WHAT THIS TASK INVOLVES =>
When you copy the data that follows, reproduce every word exactly and leave out the images.

THE DATA =>

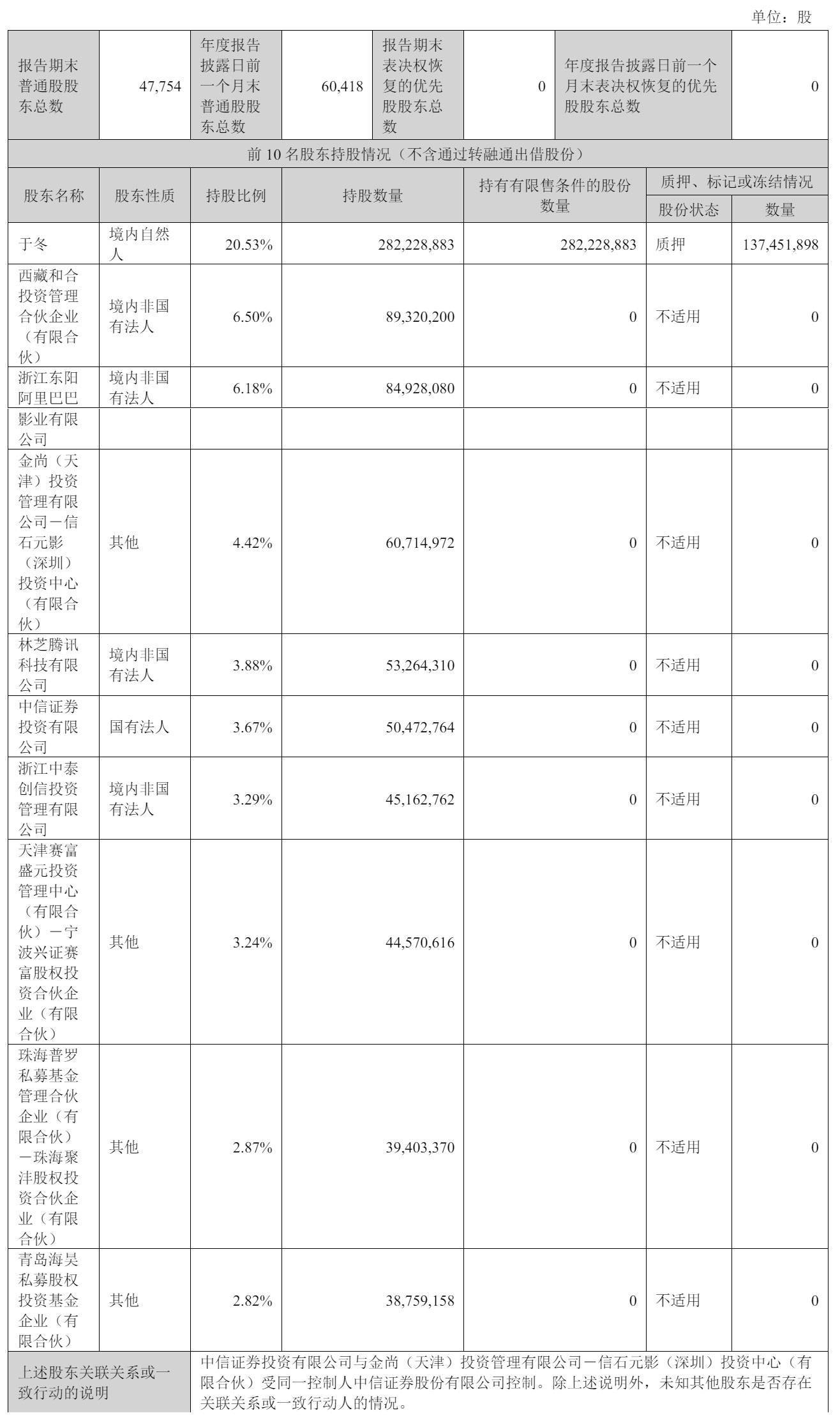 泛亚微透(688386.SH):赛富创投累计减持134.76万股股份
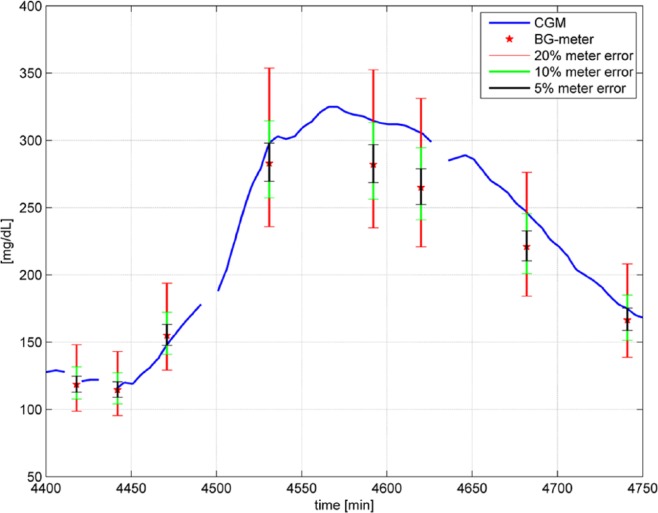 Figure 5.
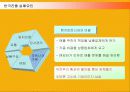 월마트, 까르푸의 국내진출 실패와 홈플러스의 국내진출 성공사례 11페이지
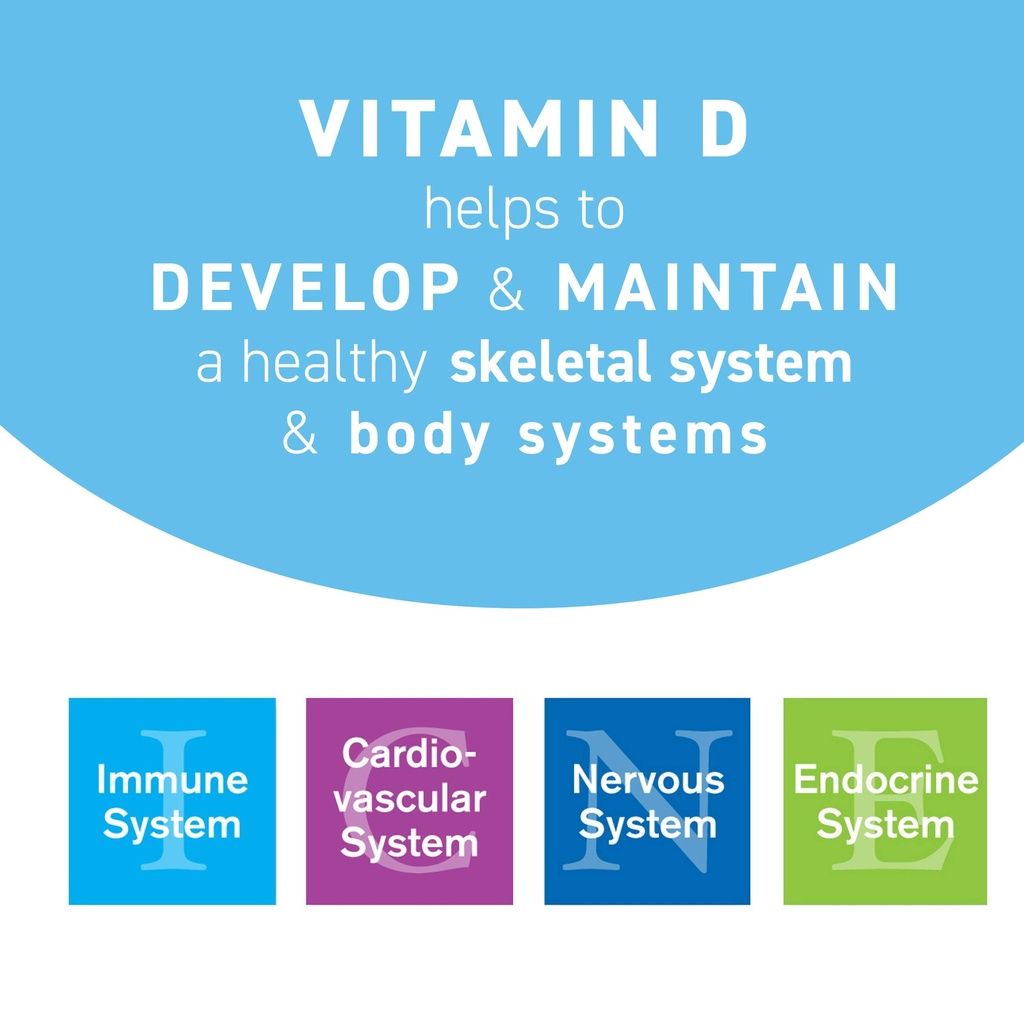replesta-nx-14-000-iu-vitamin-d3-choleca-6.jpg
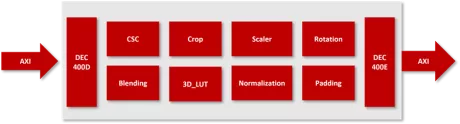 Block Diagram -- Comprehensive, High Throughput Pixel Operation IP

SOLUTION TO THE PROBLEM =>
 泛亚微透(688386.SH):赛富创投累计减持134.76万股股份
 Figure 5.
 월마트, 까르푸의 국내진출 실패와 홈플러스의 국내진출 성공사례 11페이지
replesta-nx-14-000-iu-vitamin-d3-choleca-6.jpg
 Block Diagram -- Comprehensive, High Throughput Pixel Operation IP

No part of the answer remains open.